Week 3 Flashcards
how is bilirubin produced?
- by product of haeme metabolism.
- generated by senescent RBC’s in spleen.
what is unconjugated bilirubin initially bound to?
albumin
why does the liver conjugate bilirubin?
helps to solubilise it
what is a pre-hepatic, hepatic and post-hepatic cause of elevated bilirubin levels?
pre: haemolysis
hepatic: parenchymal damage
post: obstructive
what can a high AST/ALT ratio point towards?
alcoholic liver disease
what could elevated levels of alkaline phosphatase (ALP) indicate?
elevated with obstruction or liver infiltration
What could elevated levels of Gamma GT indicate?
alcohol use
NSAID use
what is an albumin level test important for? and what could low levels suggest?
- important for synthetic function of liver.
- chronic liver disease.
- kidney disorders and malnutrition.
describe the importance of prothrombin time test?
what does it test?
- extremely important test for liver function.
- tells degree of liver dysfunction.
- used to calculate scores to decide stage of liver disease, who needs a liver transplant and who gets a liver transplant.
- tests how long for a clot to form in a blood sample.
what do creatinine tests help to determine?
- essentially kidney function.
- determines survival from liver disease.
- critical assessment for need for transplant.
why do we do a platelet count test?
- liver is an important source of thrombopoietin.
- cirrhosis results in splenomegaly.
- platelets low in cirrhotic subjects as a result of hypersplenism.
- indirect marker of portal hypertension.
when is jaundice detectable?
when total plasma bilirubin levels exceed 34 micromol/L
what are history clues for pre-hepatic jaundice?
- history of anaemia (fatigue, dyspnoea, chest pain).
- acholuric jaundice. (no yellowing of urine)
what are history and visual clues for hepatic jaundice?
- risk factors for liver disease (IVDU, drug intake).
- decompensation (ascites, variceal bleed, encephalopathy).
what are history clues for post-hepatic jaundice?
- abdominal pain.
- cholestasis (pruritus (itchiness), pale stools, high coloured urine).
what are clinical examination clues for pre-hepatic jaundice?
- pallor.
- splenomegaly.
what are examination clues for hepatic-jaundice that can be seen from inspection?
- stigmata of CLD (spider naevi, gynaecomastia).
- ascites.
- flapping tremor.
what is an examination clues for post-hepatic jaundice?

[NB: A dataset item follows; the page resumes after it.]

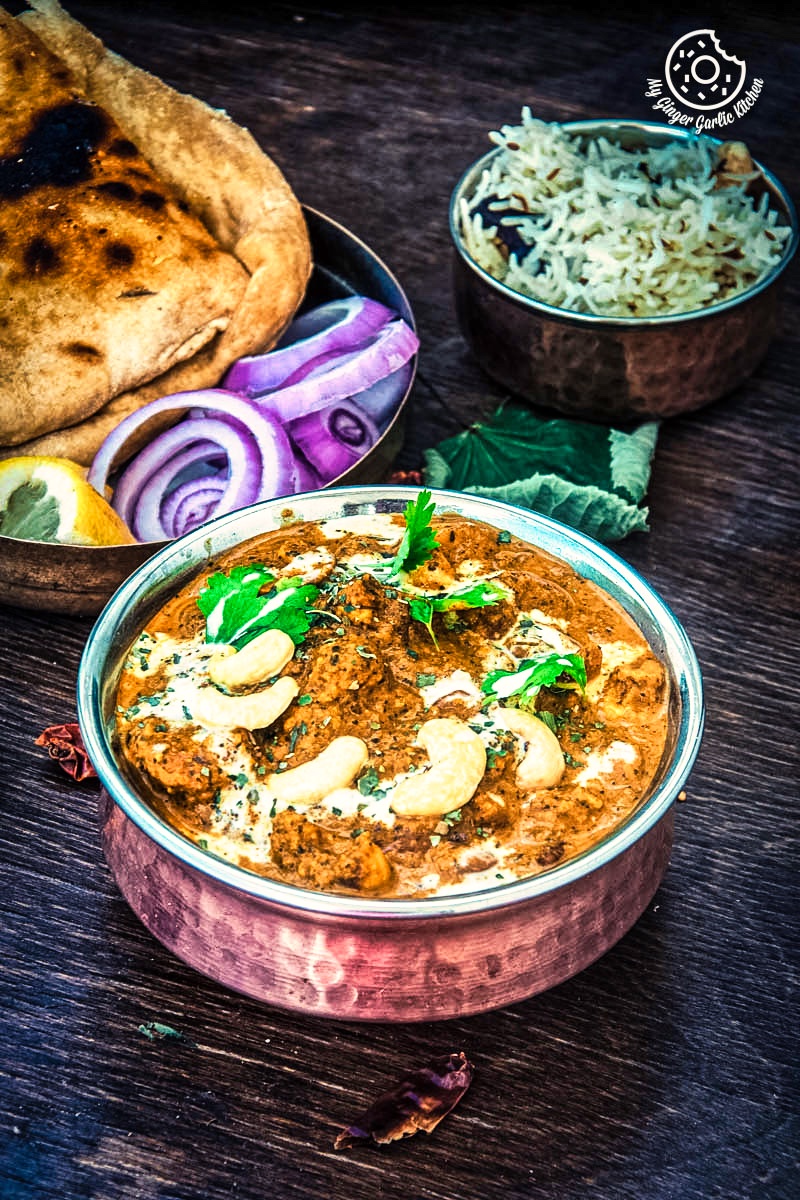 kaju curry garnsihed with cashews and cilanrto served in a metal bowl with some naan and onions in the background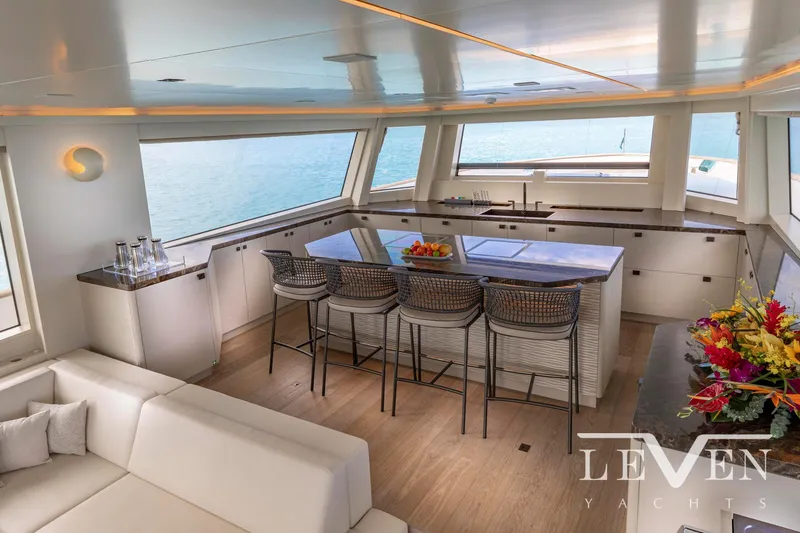 Slide: The Image of Luxurious interior of 2026 Van der Valk LeVen 90 yacht with modern bar and seating area. - 19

palpable gall bladder (Courvoisier’s sign).
Del
Del
what is the most important imaging test used in investigation of jaundice?
Ultrasound
what does ERCP do?
radiological imagine of biliary tree performed endoscopically to get to ampulla of vater and x -rays to see biliary tree.
when is ERCP used?
can spot obstructions:
- dilated biliary tree (+/- stones or tumour).
- acute gallstone pancreatitis.
- post op biliary complications.
can be used surgically:
- can also perform stenting of biliary tract obstruction whilst using ERCP.
- stone retrival > basket
- sphincterotomy
when is endoscopic ultrasound used for the biliary tree?
- characterising pancreatic masses.
- staging of tumours.
- fine needle aspirate (FNA) of tumours and cysts.
- excluding biliary microcalculi
what is the importance of a liver biopsy?
- important for definitive diagnosis or certain conditions e.g. autoimmune hepatitis.
- important to confirm diagnosis e.g. primary biliary cholangitis, drug-induced liver injury.
- important for staging of severity e.g. alcoholic hepatitis, non-alcoholic fatty liver disease.